• **Assignment**: Look through the material below and copy exactly the lines from the line with "180 Hunting Ridge Road" to the line with "Mercedes Benz Mercedes-Benz", those two lines included.

═══ Dataset entries

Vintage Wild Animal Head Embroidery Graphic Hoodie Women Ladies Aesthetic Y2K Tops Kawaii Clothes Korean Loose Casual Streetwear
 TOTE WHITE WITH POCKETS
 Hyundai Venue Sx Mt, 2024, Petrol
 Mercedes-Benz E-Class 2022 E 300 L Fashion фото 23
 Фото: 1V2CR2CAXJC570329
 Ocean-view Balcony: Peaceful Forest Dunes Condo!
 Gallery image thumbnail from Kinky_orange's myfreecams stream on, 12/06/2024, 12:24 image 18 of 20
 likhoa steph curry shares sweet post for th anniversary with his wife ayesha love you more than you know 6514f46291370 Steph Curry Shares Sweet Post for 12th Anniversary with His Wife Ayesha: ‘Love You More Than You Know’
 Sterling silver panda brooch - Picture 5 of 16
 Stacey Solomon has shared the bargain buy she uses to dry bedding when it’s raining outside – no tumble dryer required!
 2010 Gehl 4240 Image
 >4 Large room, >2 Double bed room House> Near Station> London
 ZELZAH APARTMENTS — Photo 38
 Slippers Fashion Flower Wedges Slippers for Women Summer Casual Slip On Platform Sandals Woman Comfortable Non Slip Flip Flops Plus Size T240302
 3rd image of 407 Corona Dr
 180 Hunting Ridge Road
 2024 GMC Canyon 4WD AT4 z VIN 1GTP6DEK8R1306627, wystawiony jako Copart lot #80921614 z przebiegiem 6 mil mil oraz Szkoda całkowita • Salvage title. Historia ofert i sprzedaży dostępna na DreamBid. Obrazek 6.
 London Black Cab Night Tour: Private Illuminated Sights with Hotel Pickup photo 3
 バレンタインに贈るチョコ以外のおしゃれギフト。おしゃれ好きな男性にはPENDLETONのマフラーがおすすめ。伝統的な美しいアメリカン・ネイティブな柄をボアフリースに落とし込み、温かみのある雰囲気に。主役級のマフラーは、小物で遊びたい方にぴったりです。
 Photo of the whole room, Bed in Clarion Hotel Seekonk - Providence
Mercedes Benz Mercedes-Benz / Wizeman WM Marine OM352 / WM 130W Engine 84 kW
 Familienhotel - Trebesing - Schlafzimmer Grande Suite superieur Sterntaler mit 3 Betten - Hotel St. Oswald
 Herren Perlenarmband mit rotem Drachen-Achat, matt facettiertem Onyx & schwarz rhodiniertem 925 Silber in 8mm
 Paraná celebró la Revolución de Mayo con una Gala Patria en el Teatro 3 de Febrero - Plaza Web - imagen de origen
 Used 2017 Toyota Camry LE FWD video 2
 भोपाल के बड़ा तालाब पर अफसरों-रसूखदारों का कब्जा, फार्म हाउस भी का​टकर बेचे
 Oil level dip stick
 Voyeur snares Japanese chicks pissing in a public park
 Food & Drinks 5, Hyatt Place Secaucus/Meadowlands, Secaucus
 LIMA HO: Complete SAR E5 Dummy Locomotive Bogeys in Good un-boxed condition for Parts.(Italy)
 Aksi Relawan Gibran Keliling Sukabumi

══════

• **Solution to this task**:
 180 Hunting Ridge Road
 2024 GMC Canyon 4WD AT4 z VIN 1GTP6DEK8R1306627, wystawiony jako Copart lot #80921614 z przebiegiem 6 mil mil oraz Szkoda całkowita • Salvage title. Historia ofert i sprzedaży dostępna na DreamBid. Obrazek 6.
 London Black Cab Night Tour: Private Illuminated Sights with Hotel Pickup photo 3
 バレンタインに贈るチョコ以外のおしゃれギフト。おしゃれ好きな男性にはPENDLETONのマフラーがおすすめ。伝統的な美しいアメリカン・ネイティブな柄をボアフリースに落とし込み、温かみのある雰囲気に。主役級のマフラーは、小物で遊びたい方にぴったりです。
 Photo of the whole room, Bed in Clarion Hotel Seekonk - Providence
Mercedes Benz Mercedes-Benz / Wizeman WM Marine OM352 / WM 130W Engine 84 kW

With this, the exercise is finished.